31 Jul Gardening For Senior Citizens
As senior couples age, it can become difficult to get out and do activities they enjoyed in their earlier years. Mobility becomes a challenge for many older adults and they often look for ways to stay active at home. Getting outdoors is essential for a senior’s health, and gardening is an excellent outdoor hobby older couples can do together that happens to provide significant health benefits.
Seniors can enjoy staying physically active by gardening
Staying active as an older adult is often challenging. However, it is important to maintain one’s strength and agility in the later years, and this is where gardening can be the perfect fit. The CDC recommends that seniors get at least 2 hours and 30 minutes of moderate physical activity each week along with muscle-building activity at least two days a week. Luckily, seniors can accomplish these activity goals in one fell swoop with gardening.

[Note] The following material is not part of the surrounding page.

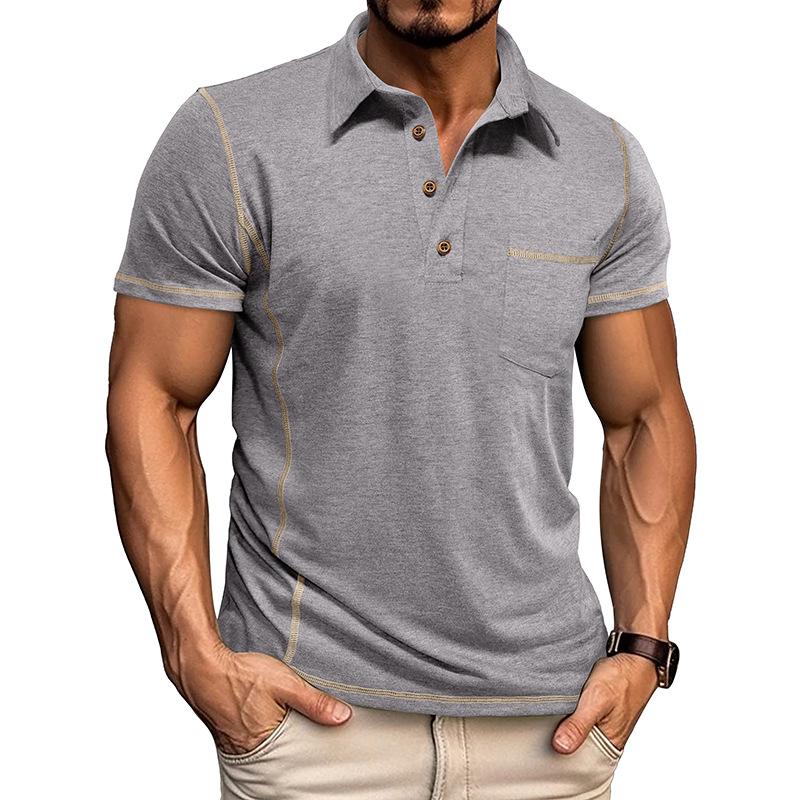 Heren Casual Contrast Lapel Slim Fit Korte Mouw Polo Shirt - Stijlvol & Comfortabel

Gardening burns plenty of calories as it builds muscle strength and endurance, but seniors can reap other physical health benefits as well. Gardening Gone Wild notes that this hobby can reduce one’s stroke risk and it can reduce the likelihood of getting heart disease and osteoporosis. Senior gardeners may find that their blood pressure is better controlled thanks to this hobby and their overall mobility will likely improve too.
A senior’s mental health and brain power improves with gardening too
Older adults often deal with depression and anxiety, and research shows that gardening can reduce those issues. For example, Interim Health Care explains that even moderate amounts of time in the garden can reduce the stress hormone cortisol and elevate one’s mood. Getting regular activity outdoors can do wonders for a senior’s mental health and these improvements can help strengthen a senior’s relationship with their partner too.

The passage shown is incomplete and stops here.